April 23 is Spanish Language Day, one of a series of Language Days selected by the United Nations to celebrate multilingualism and cultural diversity. Dr Yarí Pérez Marín, an Associate Professor and Director of Studies in the School of Modern Languages and Cultures, discusses her research as well as the duality of the Spanish language.
Q: What are your primary research interests?
A: I have two main areas of research: contemporary Latin American cinema and media, on the one hand, and on the other, early modern Hispanic culture in transatlantic contexts with an emphasis on the connection between the history of science and literary representation.
Q: Why is an interdisciplinary approach important in your research?
A: Taking an interdisciplinary approach to the topics I study allows me to ask better questions, and often leads to more thoughtful, or more precise answers that would otherwise not come into view.
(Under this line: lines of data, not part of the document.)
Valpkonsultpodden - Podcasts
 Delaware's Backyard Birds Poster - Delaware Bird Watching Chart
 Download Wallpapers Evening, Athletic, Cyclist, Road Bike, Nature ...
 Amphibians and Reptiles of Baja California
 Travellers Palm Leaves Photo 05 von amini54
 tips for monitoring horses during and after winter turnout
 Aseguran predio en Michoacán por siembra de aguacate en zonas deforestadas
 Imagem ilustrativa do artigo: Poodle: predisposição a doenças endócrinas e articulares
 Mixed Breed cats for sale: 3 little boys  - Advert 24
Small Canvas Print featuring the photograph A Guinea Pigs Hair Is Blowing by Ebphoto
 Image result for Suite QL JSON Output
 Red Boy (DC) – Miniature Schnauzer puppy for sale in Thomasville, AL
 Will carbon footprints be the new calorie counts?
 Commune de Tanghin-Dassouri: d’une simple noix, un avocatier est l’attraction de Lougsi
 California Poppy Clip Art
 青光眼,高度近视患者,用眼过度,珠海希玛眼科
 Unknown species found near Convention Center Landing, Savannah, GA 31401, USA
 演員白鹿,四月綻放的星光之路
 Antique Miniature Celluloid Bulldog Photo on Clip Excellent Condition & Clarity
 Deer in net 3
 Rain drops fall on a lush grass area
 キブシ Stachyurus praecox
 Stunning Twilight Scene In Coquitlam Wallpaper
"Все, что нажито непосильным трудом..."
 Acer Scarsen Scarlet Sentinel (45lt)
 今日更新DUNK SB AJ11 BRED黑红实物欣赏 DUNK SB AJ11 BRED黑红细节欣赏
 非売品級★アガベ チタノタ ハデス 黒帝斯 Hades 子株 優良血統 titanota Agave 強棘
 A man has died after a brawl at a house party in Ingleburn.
Drawing on the expertise of scholars in fields other than my own lets me engage with different kinds of evidence in an informed way. But it's not unusual. Thinking back to the writers, artists and thinkers from Latin America whose work inspired me to pursue an academic career in the first place, I can't think of an example where interdisciplinarity wasn't part of the equation. What is perhaps different in my own case are the fields that I've brought into conversation with one another in recent projects, like the history of surgery and literary studies.
Q: Can you explain how the Spanish language is both a site of colonisation and a site of resistance?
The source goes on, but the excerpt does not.